Ante o exposto, fica a sentença parcialmente reformada para declarar a rescisão do contrato de prestação de serviços a partir do inicio do ano letivo de 2009, nada devendo a autora por ser beneficiária de bolsa integral durante o ano de 2008, bem como também condenar a ré ao pagamento de R$6.000,00 (seis mil reais) a titulo de danos morais, aliás mesmo valor que lhe foi repassado pelo Governo do Estado como remuneração pela bolsa de estudos concedida à autora, valor este que será corrigido pela Tabela Prática do Tribunal de Justiça e acrescido de juros de mora de 1% a.m. a partir da data deste julgado. Como ônus da sucumbência pelo reduzido decaimento da autora, deverá a ré arcar com o pagamento das custas e honorários advocaticios fixados em 15% sobre o valor da condenação (fls. 97/100).

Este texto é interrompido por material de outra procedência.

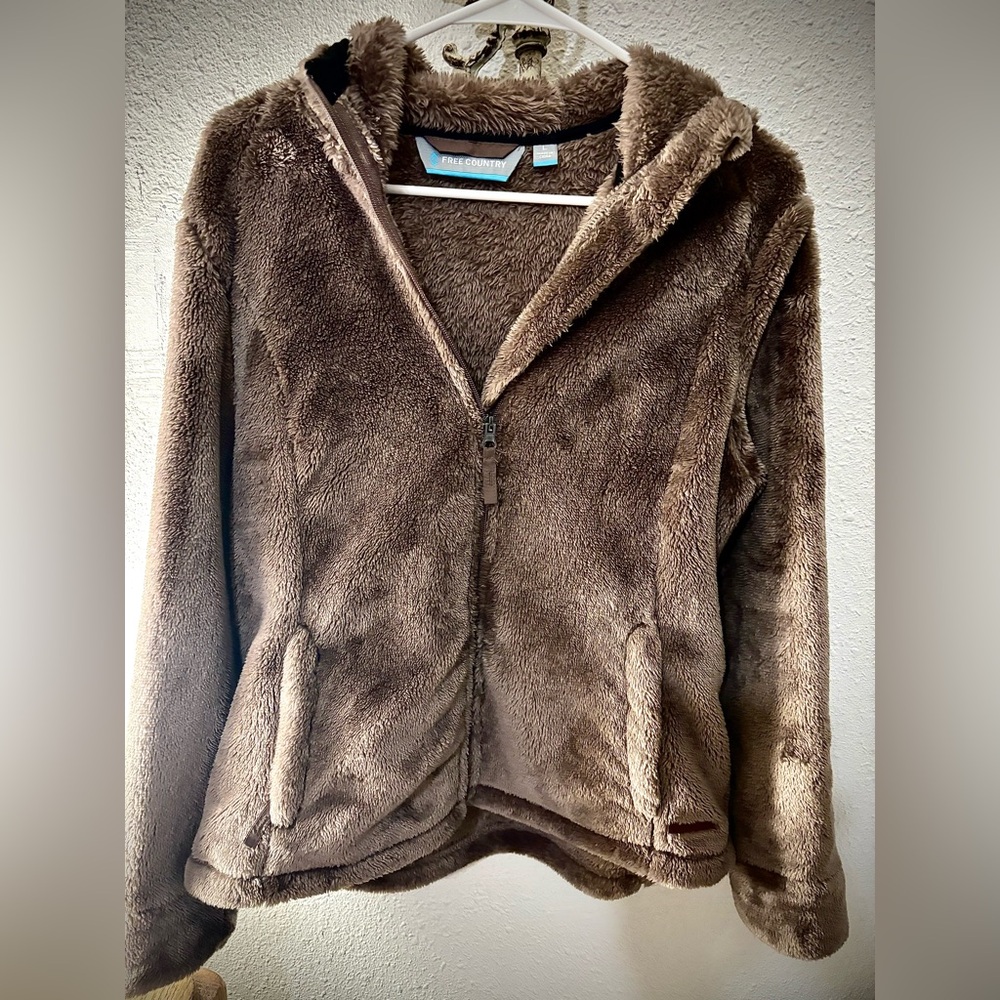 Fuzzy zip up coat. Zip up with hood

8. Nesse contexto, é inviável o acolhimento das alegações

deduzidas no Apelo Nobre, porquanto, para infirmar as conclusões a que

chegou o acórdão impugnado, faz-se necessária a incursão nos elementos de

fato e de prova, e nas cláusulas do contrato firmado pelas partes, o que é

vedado em sede de Recurso Especial.

9. Ante o exposto, nega-se provimento ao Agravo da

ASSOCIAÇÃO PRINCESA ISABEL DE EDUCAÇÃO E CULTURA.

10. Publique-se. Intimações necessárias.

Brasília (DF), 19 de setembro de 2017.